• _What to work on_:
What you write must be the lines from the one holding "However, the left" through the final line of the records below, reproduced exactly, minus the pictures.

• _The data_:
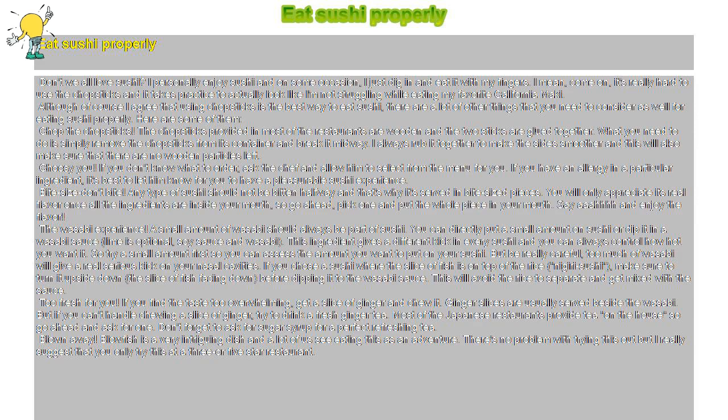Blown away. Blowfish is a very intriguing dish and a lot of us see eating this as an adventure. There's no problem with trying this out but I really suggest that you only try this at a three or five star restaurant.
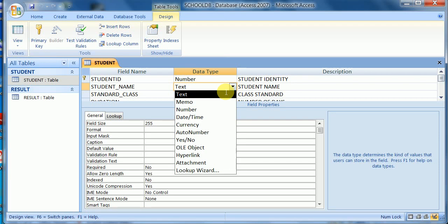Hello viewers, welcome to Machine Learning Tech Solution. Today I will discuss various data types using MS Access databases and tables. The list of data types in a table design includes: text, memo, number, date/time, currency, auto number, yes/no, OLE object, hyperlink, attachment, and lookup wizard. These are used in a table design in the Access database, which is a database management system.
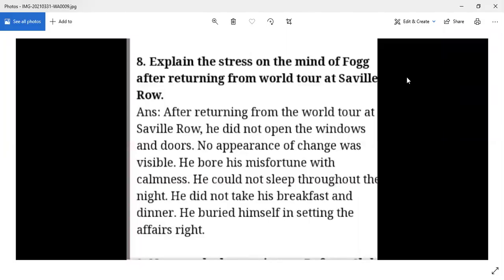After the world tour, Fogg returned to Savile Row thinking he had lost the wager. He was very upset. He did not open the windows or doors and no appearance of change was visible — he bore his misfortune with calmness. There was no change on his face, yet he could not sleep throughout the night and did not take breakfast or dinner. He buried himself in setting his affairs in order.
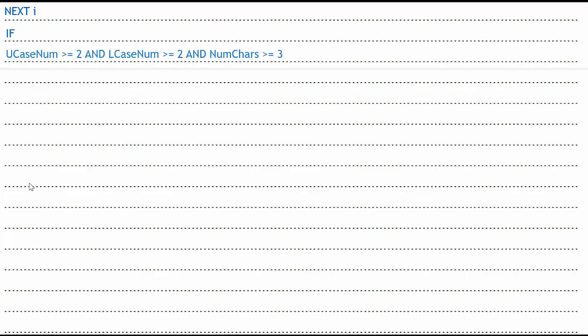Then I need an if statement. So if my ucaseNum is greater than equal to two, meaning do I have two capital letters, lcaseNum greater than equal to two, do I have at least two lowercase numbers, and then numChar is greater than equal to three. Does my password contain at least three numbers? If it has that, then I know it is a valid password. So valid becomes true. I close my end if. I simply return valid. And then I end my function.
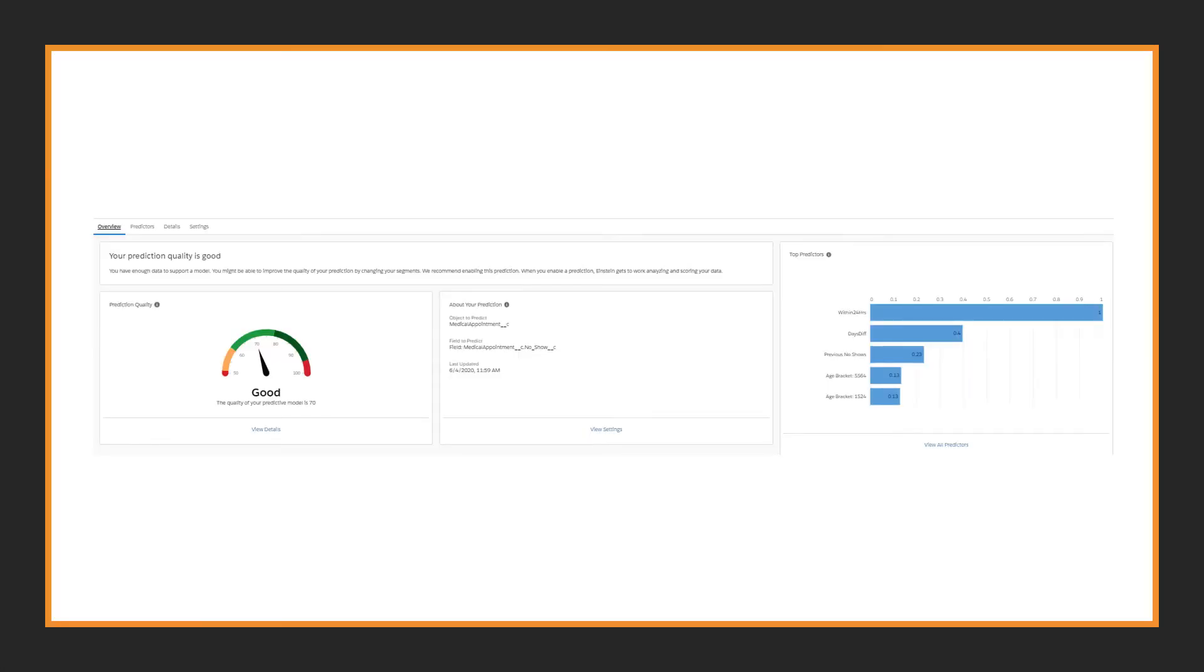Again, the model quality of the new model was good. The within 24 hours was the top predictor as before, but this time the term days diff was included and it turned out to be a top predictor as well, which tells us the further out someone makes an appointment, the more likely they are to be a no-show. And the previous no-shows was also a top predictor, as was age.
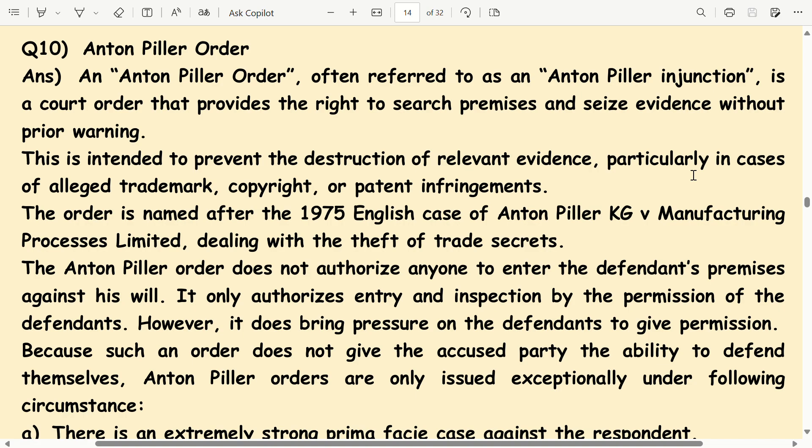The order is named after the 1975 English case of Anton Pillar KG vs. Manufacturing Processes Limited, dealing with the theft of trade secrets.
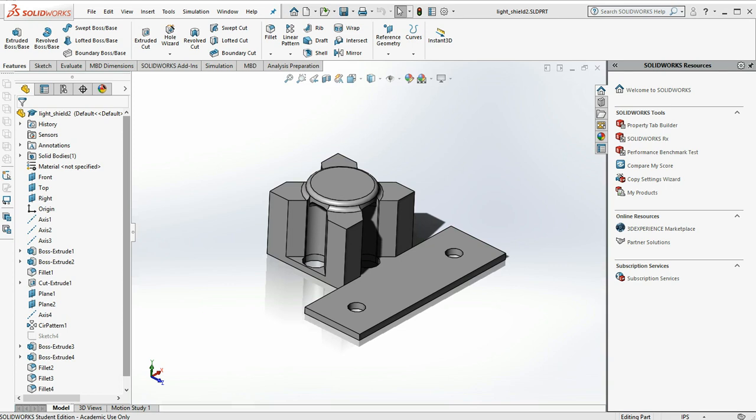Hi students. In this video we're going to go over creating an actual 3D printed part from our SOLIDWORKS file. Let's begin.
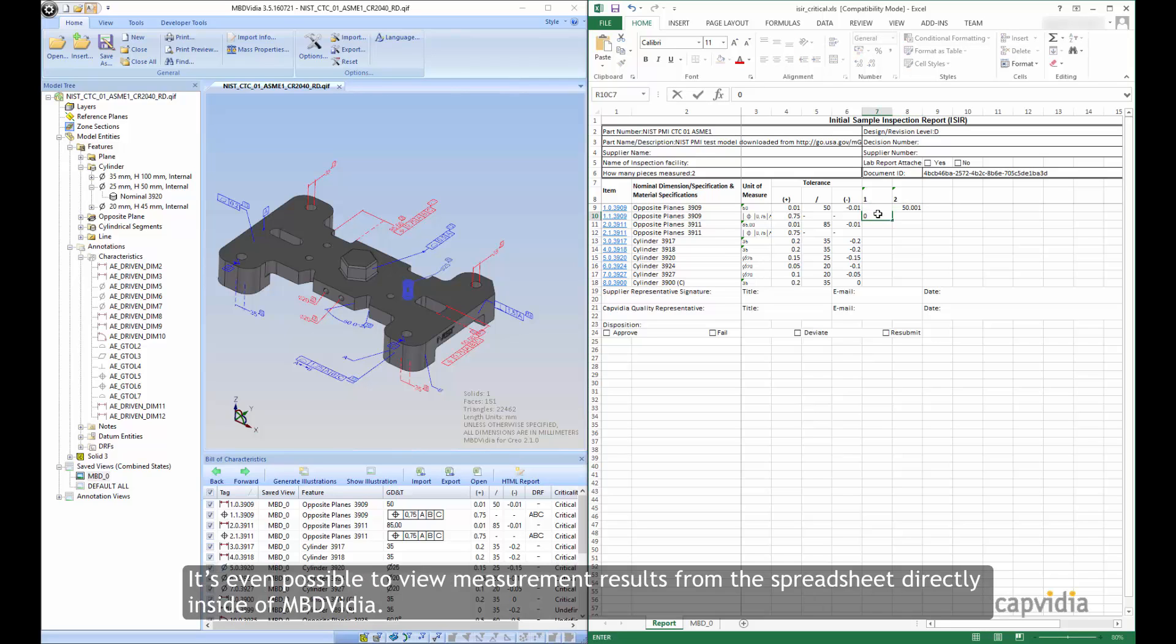It's even possible to view measurement results from the spreadsheet directly inside of MBD Vidya.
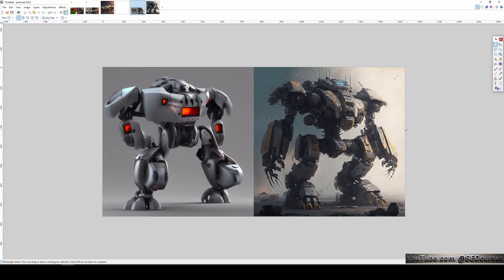However, the left one is very primitive, very simple. It is not even like a battle robot. So, this is the difference of Kandinsky 2.1 version and it is totally free to use on your computer forever as you wish.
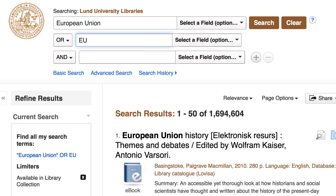To get further search tips and links to guides and tutorials, please visit our subject guides on the library website.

• _Written solution_:
However, the left one is very primitive, very simple. It is not even like a battle robot. So, this is the difference of Kandinsky 2.1 version and it is totally free to use on your computer forever as you wish.
To get further search tips and links to guides and tutorials, please visit our subject guides on the library website.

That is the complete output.